Staff adds, “The City Council could increase the annual salary amount anywhere from 0% to 60% (12 years x 5% per year), or to a total of $1,071 per month. The City Council may choose to adjust the salary anywhere along the spectrum between 0% and 60%, via a Council-adopted ordinance.”
According to state law, any changes must be done prior to elections and would be effective after the June elections and once the new City Council is seated, or July 2012. In order to have something take effect for the 2012-2014 council, the current council would need to introduce an ordinance at the April 17 meeting and pass a second reading at the May 1 meeting.
If the city council were to choose to change their annual salary, “the cost to the City may range from $0 up to a maximum of $24,120 per year.”
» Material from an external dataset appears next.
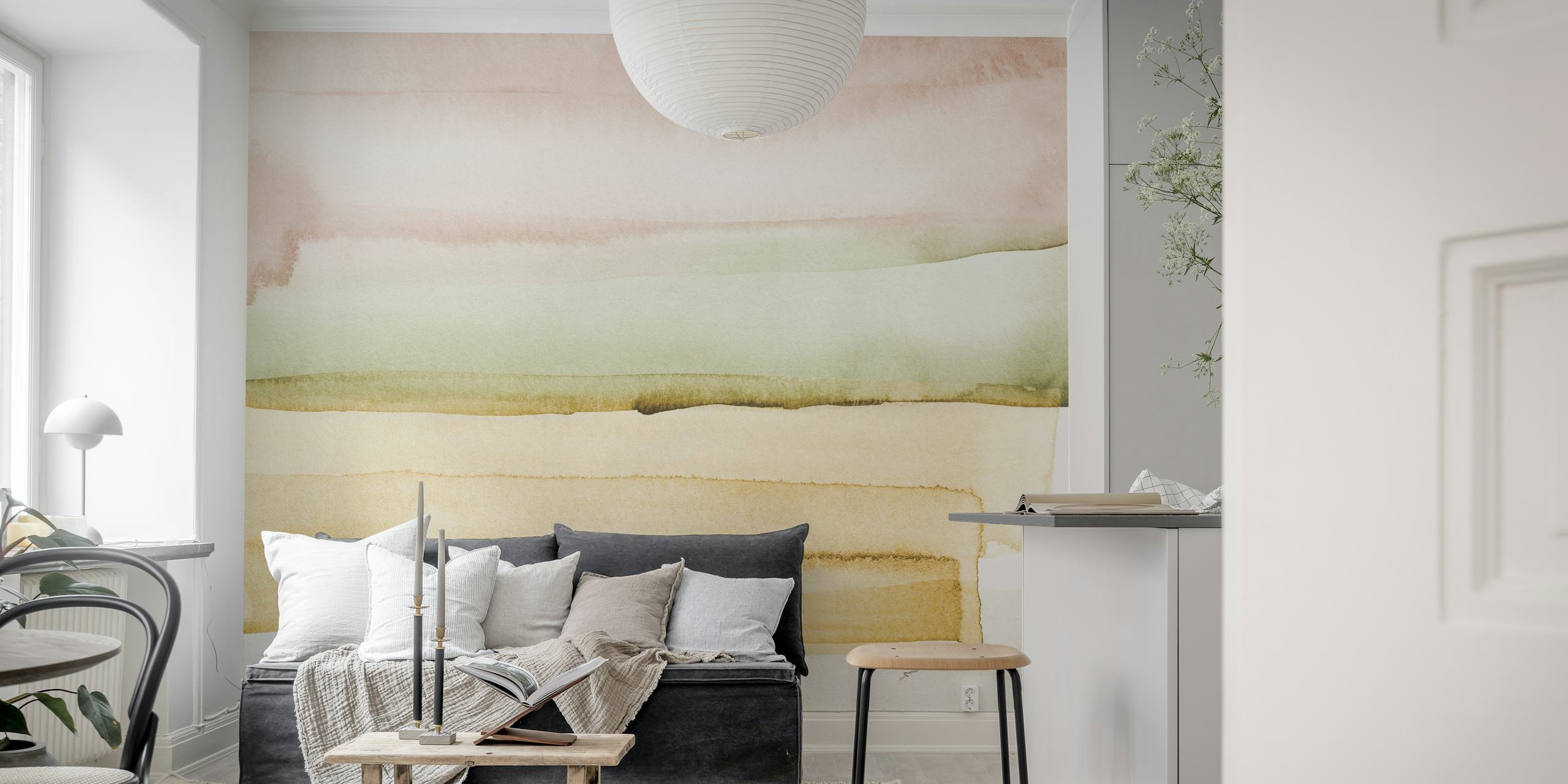 Watercolor stripes in soft earth tones: pink, green, beige wallpaper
While the Vanguard is sympathetic to ultimately raising council compensation, we believe that this is not the appropriate time to do it – at a time when the council is asking city employees to sacrifice and take concessions.
However, there are two changes the Vanguard does support.
According to the staff report, the Government Code establishes a limit on compensation for city councilmembers. However, again, “the cost to the City may range from $0 up to a maximum of $24,120 per year.”
Specifically, “Any amounts paid by a city for retirement, health and welfare, and federal social security benefits shall not be included for purposes of determining salary under this section, provided that the same benefits are available and paid by the city for its employees.”
However, while the council is eligible to receive health benefits, they may “not elect to receive a cash-out payment in lieu of health benefits without running afoul of Government Code section 36516’s salary limitations.”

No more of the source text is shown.